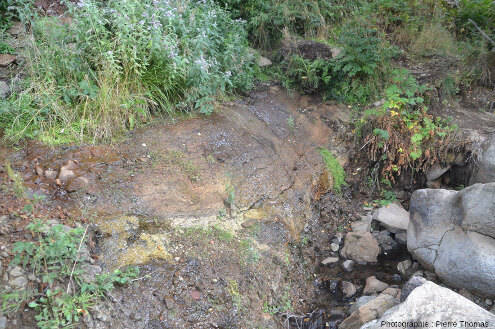 Petite source ferrugineuse située au fond de la petite vallée des figures précédente, cascade du Salin (Haute-Loire)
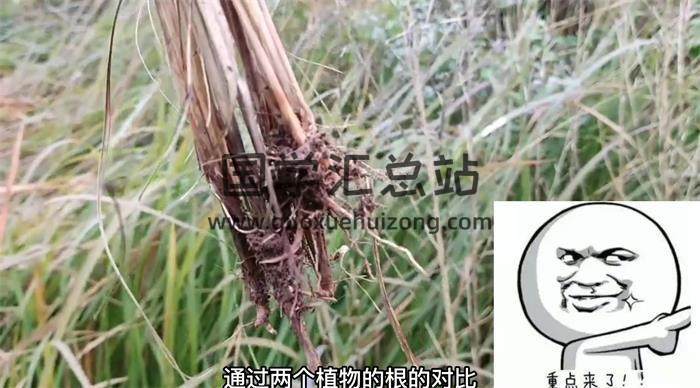 兰老师《形气风水系列课程》7集风水视频-封面风水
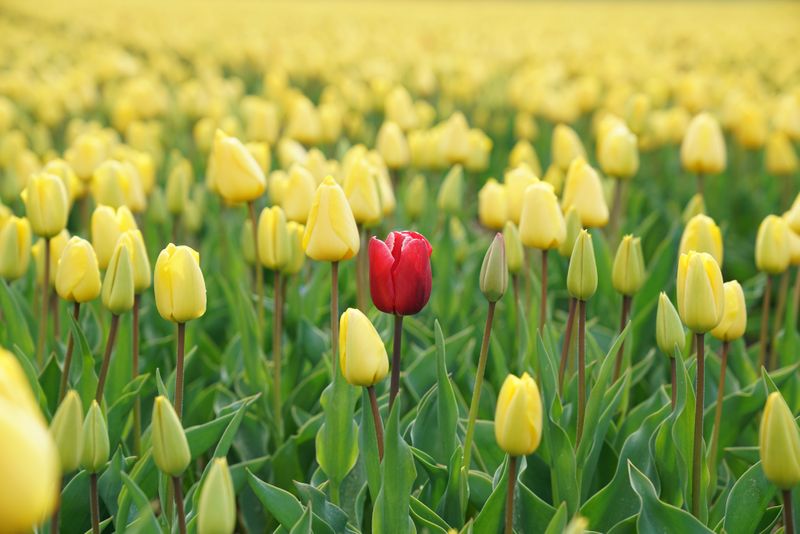 A field of yellow tulips with one red tulip.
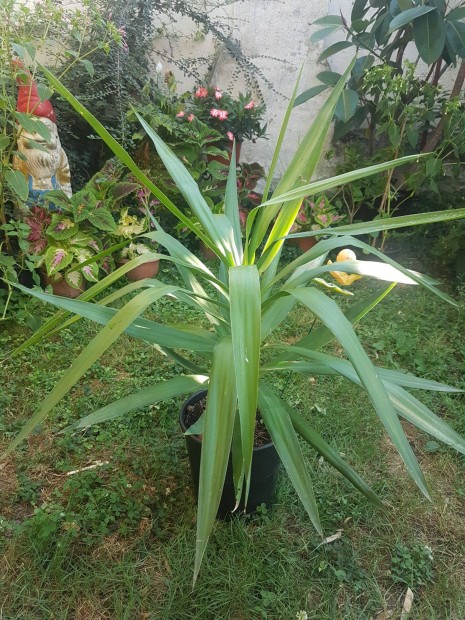 Yucca szobanvny jukka 90 cm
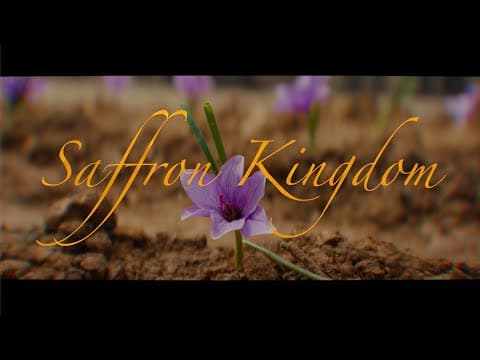 Official Trailer 2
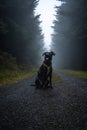 Portrait of black dog in the atmospheric road in the middle of woods.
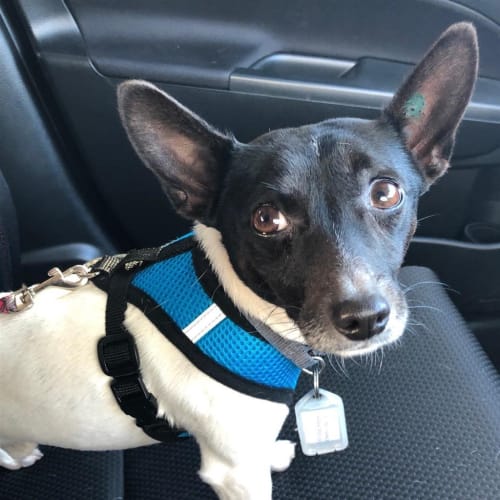 Benny Black Bean now Lenny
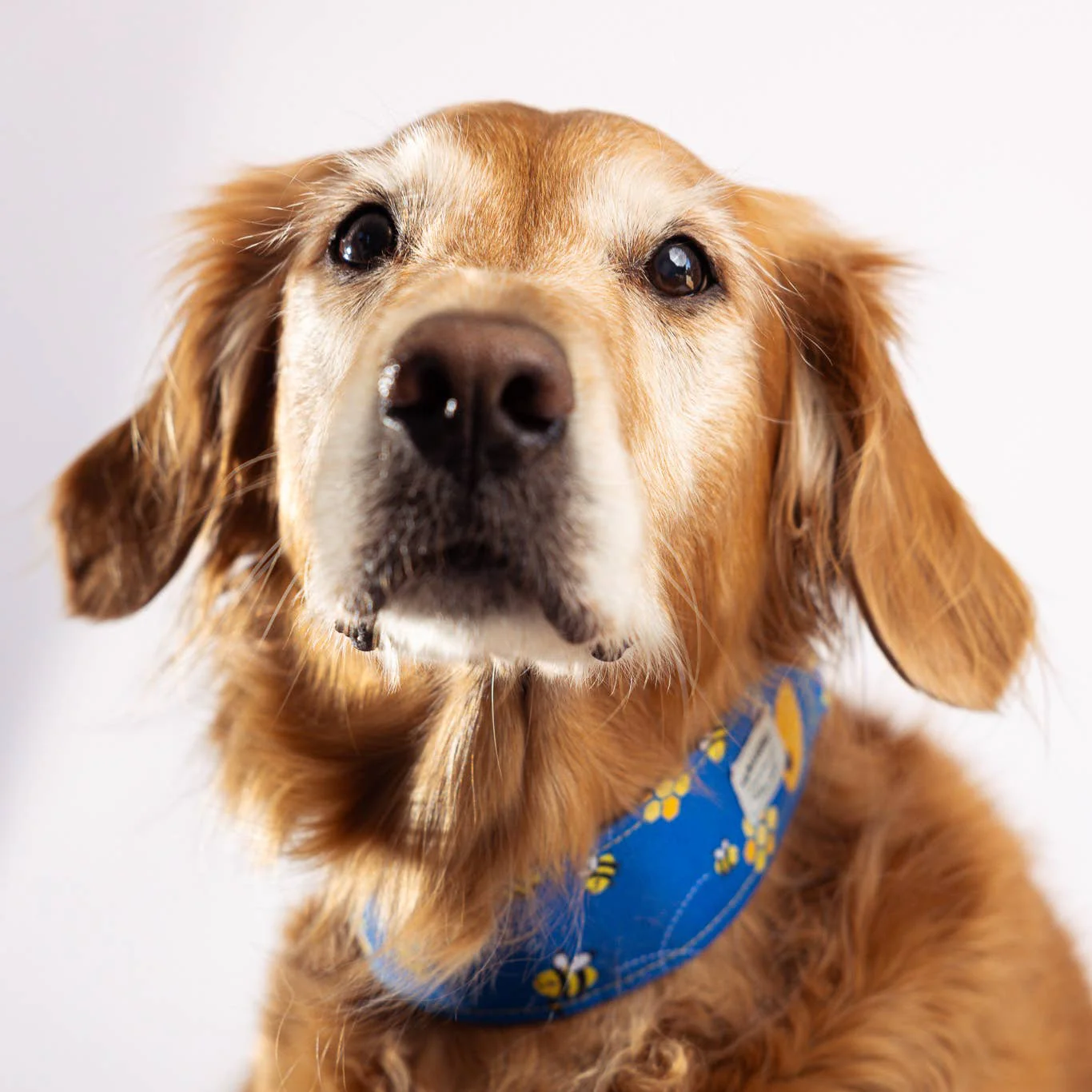 Nova Scotia Tartan Pet Collar - Image 4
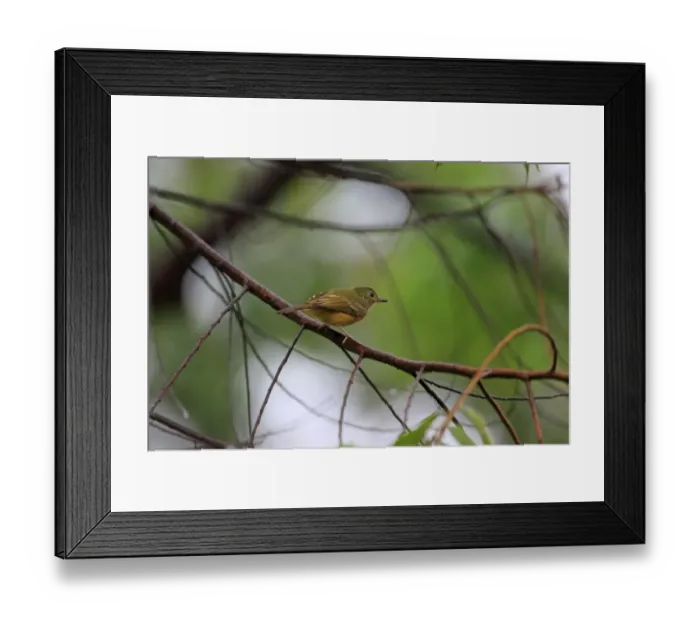 Framed Print : Ochre-bellied Flycatcher (Mionectes oleagineus) adult, perched on branch, Trinidad, Trinidad and Tobago, April Framed Print : Ochre-bellied Flycatcher (Mionectes oleagineus) adult, perched on branch, Trinidad, Trinidad and Tobago, April
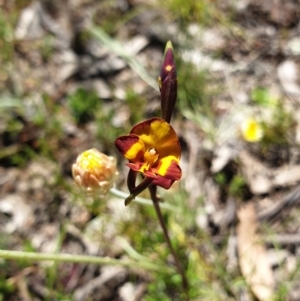 Diuris semilunulata at Stromlo, ACT - 27 Oct 2021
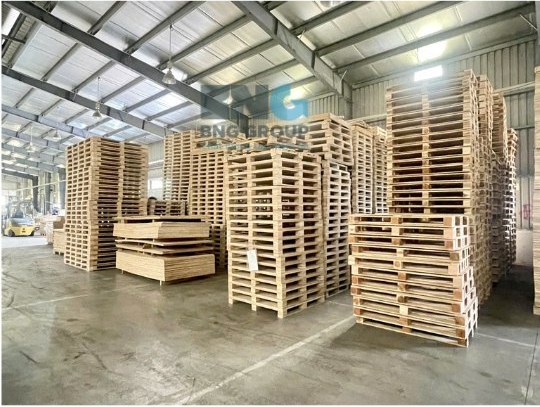 Top 9 Nhà Cung Cấp Pallet Uy Tín Tại Hải Dương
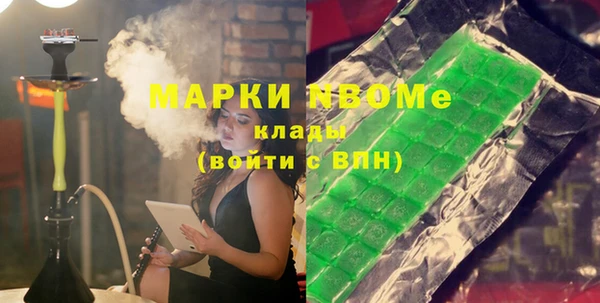 хмурый Аркадак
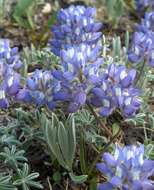 Image of Pacific lupine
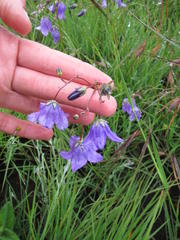 Wahlenbergia krebsii krebsii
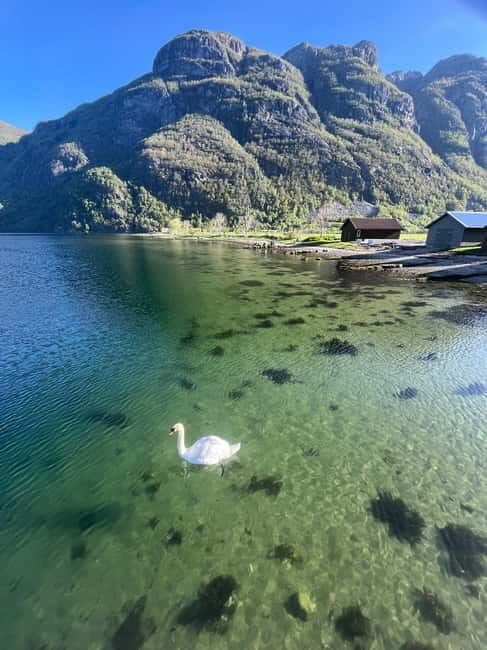 Stavanger: Månafossen Waterfall and Via Ferrata Bouldering - FAQ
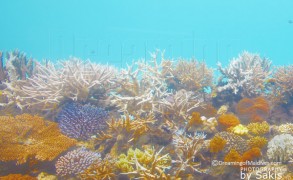 Name your very own Coral at Huvafen Fushi!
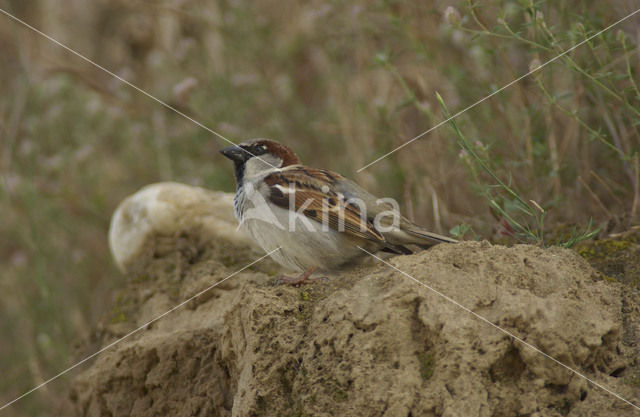 House Sparrow (Passer domesticus)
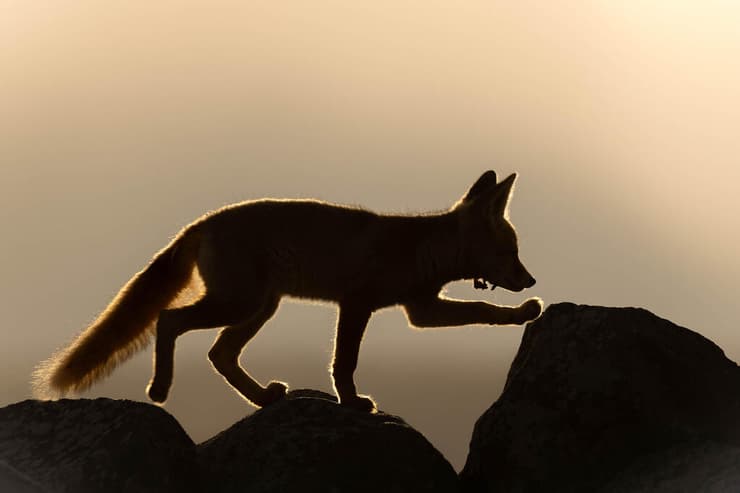שועל בתאורה אחורית ברמת הגולן (צילום: דקלה גבריאלי) שועל בתאורה אחורית ברמת הגולן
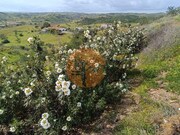 Terreno R�stico - Castro Marim, Castro Marim, Faro (Algarve) - Miniatura: 3/9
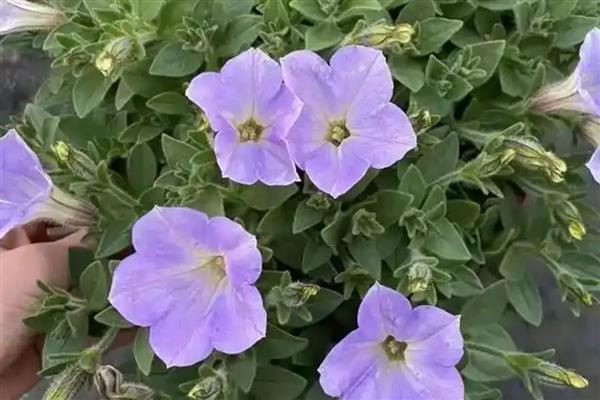 牵牛花如何过冬，要适当调节温度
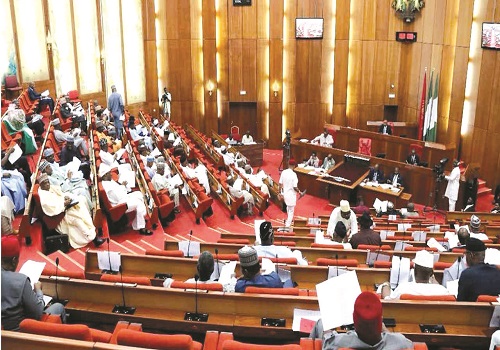 We Had To Bow To Public On E-Transmission Of Results – Senate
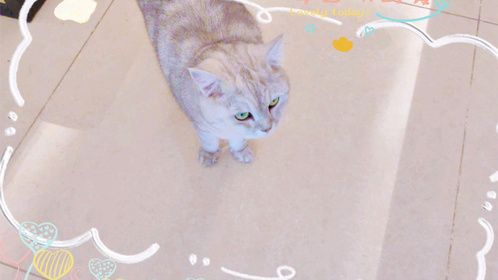 吃货小猫的日常生活！
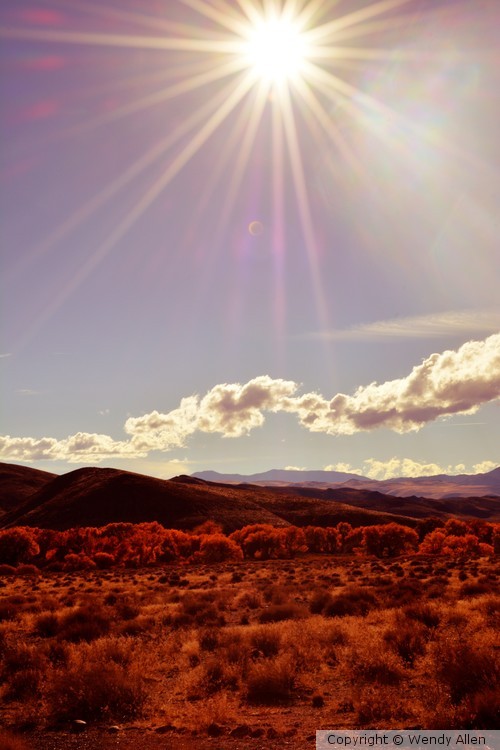 Desert Sun
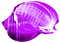 Seashell.Purple - besplatni png animirani GIF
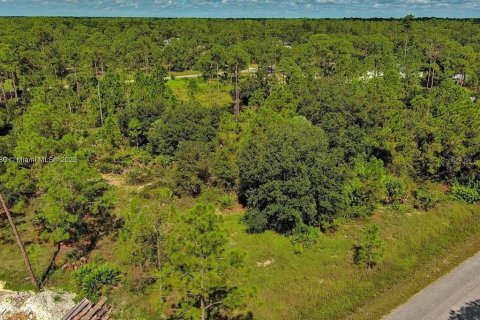 Land in Lehigh Acres, Florida № 2164345 - photo 7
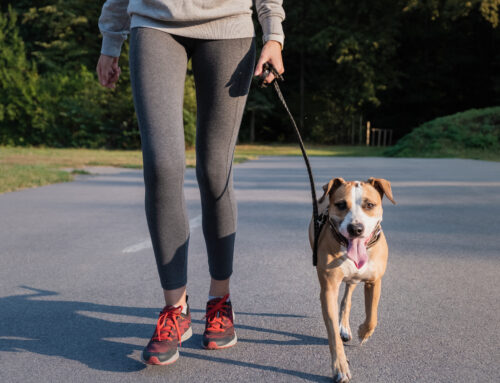 Tips and Tricks to Walking Your Dogs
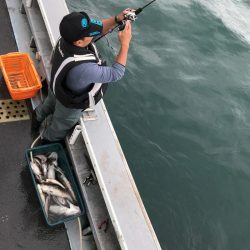 シーランチ 釣果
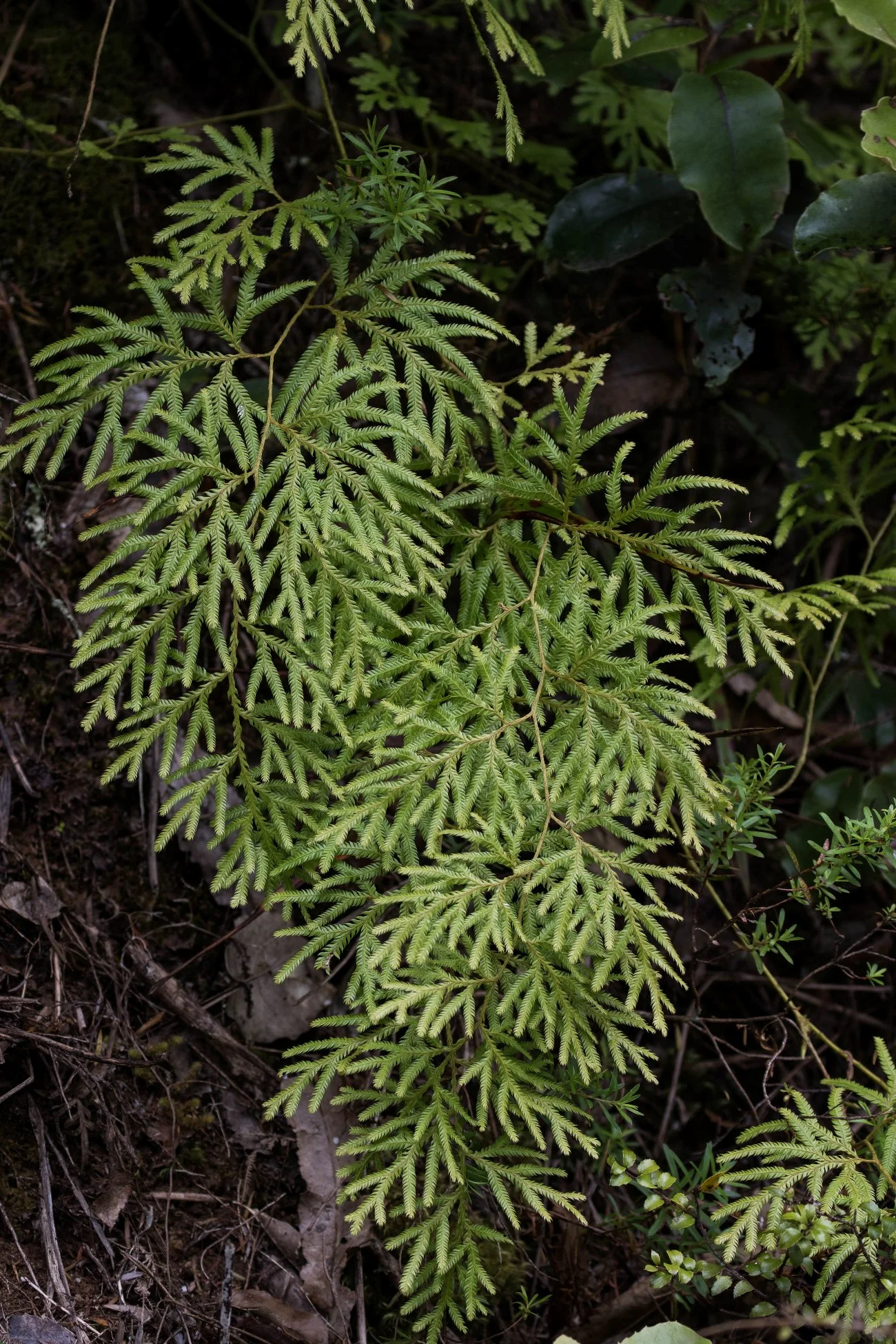 Lycopodium,Waewaekoukou,-1007d.jpg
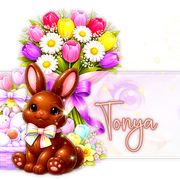 Tonya 91ºBanner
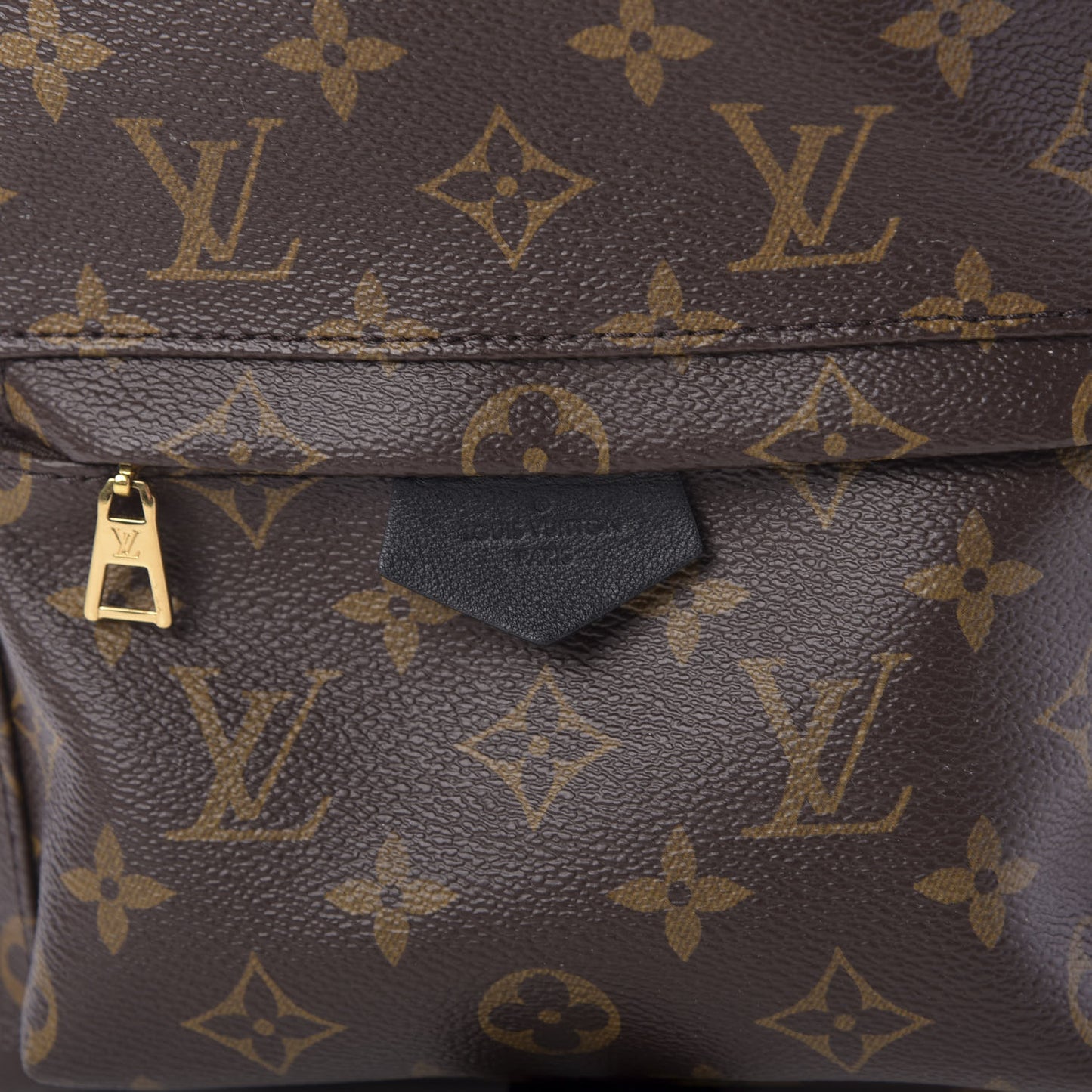 Monogram Palm Springs Backpack PM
-=-=-
PROMPT — Once the line holding "We Had To Bow" is found, set down that line and every line after it, exactly, through the last line of the records above, omitting pictures.

THE COMPLETED TASK —
 We Had To Bow To Public On E-Transmission Of Results – Senate
 吃货小猫的日常生活！
 Desert Sun
 Seashell.Purple - besplatni png animirani GIF
 Land in Lehigh Acres, Florida № 2164345 - photo 7
 Tips and Tricks to Walking Your Dogs
 シーランチ 釣果
 Lycopodium,Waewaekoukou,-1007d.jpg
 Tonya 91ºBanner
 Monogram Palm Springs Backpack PM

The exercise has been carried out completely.